Originally Posted by: WarrisAV
1. Does WebRTC concern itself with local IP address to host connection or is it more direct?
2. Will the vMix call find it's way through either or both of the modems through the balancer, or distribute itself equally?
3. Is vMix call cognizant of pathing changes during the call or does it have to be particularly stable.
4. Does load balancing across ISPs impact vMix call in any negotiable way?
Here is some background knowledge that might help you:
1.
There are plenty of websites explaining Webrtc, you should do a quick Google search. A very simplified short summary: both partners (the caller's web browser and your vmix) connect to the vmix webserver telling it the caller IDs. The vmix server then connects the 2 parties by directing them to a STUN server that is acting like a proxy and allows the parties to exchange their connection information. Basically they gather all information they can find on how they could be reached (their local and public IPs etc.) and send that over. The server is just the intermediary between the two. Once that information is exchanged, the two parties try to connect directly using that information. Once they are connected, they do not need the vmix server any more and all data is flowing directly between the two parties. If a connection is not possible (e.g. both sides are behind a firewall), they can fall back to a TURN server that vmix also offers. This introduces more latency and depending on the server load it could reduce throughput and quality, but all data is now routed via that server that has a public IP and can always be connected to by everyone.
2.
This depends on the router you use. There are different types of load balancing logic that those simple dual-wan routers provide. I hope you have some basic TCP/networking knowledge, otherwise the following might be very confusing:
It is important to understand, that a single data connection can only be using one uplink. So if you have one connection and transfer data (i.e. one big download), it cannot be faster than a single uplink. But if you start a second download, that one can then fully use the second uplink's bandwith. In your case, that's just fine, since every vmix call and your stream are all separate connections that can be distributed to use both links.

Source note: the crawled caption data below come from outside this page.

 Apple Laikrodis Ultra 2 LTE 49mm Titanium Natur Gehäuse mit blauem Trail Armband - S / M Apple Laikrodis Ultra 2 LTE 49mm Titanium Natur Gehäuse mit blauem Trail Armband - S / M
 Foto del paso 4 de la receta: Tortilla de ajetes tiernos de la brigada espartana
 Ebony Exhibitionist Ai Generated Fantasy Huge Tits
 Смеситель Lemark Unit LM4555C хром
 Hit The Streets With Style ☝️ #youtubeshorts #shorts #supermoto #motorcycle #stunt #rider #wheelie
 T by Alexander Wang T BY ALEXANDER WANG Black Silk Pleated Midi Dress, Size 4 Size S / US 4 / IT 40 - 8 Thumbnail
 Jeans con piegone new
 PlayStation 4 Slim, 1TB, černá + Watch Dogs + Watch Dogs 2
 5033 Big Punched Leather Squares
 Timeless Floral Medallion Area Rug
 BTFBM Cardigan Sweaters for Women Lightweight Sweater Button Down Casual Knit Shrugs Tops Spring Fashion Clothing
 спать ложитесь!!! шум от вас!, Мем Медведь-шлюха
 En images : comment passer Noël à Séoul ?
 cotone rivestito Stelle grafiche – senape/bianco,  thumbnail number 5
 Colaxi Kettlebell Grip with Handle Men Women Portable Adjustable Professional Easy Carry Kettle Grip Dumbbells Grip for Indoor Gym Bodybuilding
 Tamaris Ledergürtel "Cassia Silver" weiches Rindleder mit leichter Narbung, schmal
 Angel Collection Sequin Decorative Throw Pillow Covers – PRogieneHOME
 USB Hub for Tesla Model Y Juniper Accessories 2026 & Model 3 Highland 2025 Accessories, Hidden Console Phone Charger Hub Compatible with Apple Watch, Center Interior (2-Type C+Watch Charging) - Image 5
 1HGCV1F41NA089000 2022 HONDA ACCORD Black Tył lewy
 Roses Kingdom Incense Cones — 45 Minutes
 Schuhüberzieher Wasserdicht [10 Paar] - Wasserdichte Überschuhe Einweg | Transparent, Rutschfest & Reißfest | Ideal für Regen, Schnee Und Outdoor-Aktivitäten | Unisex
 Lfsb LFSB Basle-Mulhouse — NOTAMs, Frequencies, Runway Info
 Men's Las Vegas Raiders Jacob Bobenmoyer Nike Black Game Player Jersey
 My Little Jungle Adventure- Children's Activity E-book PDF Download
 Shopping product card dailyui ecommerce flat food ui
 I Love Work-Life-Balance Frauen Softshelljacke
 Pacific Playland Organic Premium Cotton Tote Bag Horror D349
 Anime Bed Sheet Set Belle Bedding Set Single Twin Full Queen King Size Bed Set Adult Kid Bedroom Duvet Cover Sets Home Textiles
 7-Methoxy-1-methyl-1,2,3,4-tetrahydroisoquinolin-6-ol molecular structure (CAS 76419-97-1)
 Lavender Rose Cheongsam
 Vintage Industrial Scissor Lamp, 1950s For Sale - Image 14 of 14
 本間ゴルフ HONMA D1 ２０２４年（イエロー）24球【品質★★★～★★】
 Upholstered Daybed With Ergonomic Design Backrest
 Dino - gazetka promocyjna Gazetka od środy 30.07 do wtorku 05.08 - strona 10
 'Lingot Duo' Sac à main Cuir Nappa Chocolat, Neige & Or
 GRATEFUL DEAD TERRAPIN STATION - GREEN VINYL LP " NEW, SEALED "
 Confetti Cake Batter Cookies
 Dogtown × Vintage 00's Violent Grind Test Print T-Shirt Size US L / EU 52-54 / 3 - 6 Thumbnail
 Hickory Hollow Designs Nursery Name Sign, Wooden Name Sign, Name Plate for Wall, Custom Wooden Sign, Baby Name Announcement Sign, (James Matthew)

Common router logic on which outgoing connection gets routed through which uplink could are like this:
- simple "round robin" logic: first connection uplink 1, second connection uplink 2, third on uplink one again and so on.
- load based logic: the router decides based on the utilization of the uplinks.
the router maintains a translation table to remember what packets need to go out on which uplink in these cases.
Another very common method is the checksum based logic, which avoids having to maintain a routing table:
the router calculates a simple numeric checksum from source and target IPs and ports. Then it does a modulo 2 calculation on that checksum, if the result is 0 the packet gets routed via uplink 1, otherwise it goes via uplink 2. Since the source and destionation IPs and ports cannot change within a tcp connection, this always works.
What does all that mean for your question and vMix? It depends on how your router works. But you should expect the calls to somehow be distributed on both uplinks. Not always exactly 50/50, but a kind of like that.
3. The caller will have to reconnect (reload the browser window) if an uplink fails or the routing gets changed.
4. No, that's just fine. As I described above, your upstream to your streaming provider will not be distributed along both uplinks.
If you get a better router, you can manually create routing tables (if you want to...). I think the Ubiquiti Edgerouter X (pricepoint around only 50 EUR) is the cheapest stable router that allows Dual-WAN. I can recommend that one, have been using it a lot. No need to get expensive Cisco stuff for that application.
I hope that was not too long and complicated... I'm German and always have trouble trying to explain things in a simple way in English language.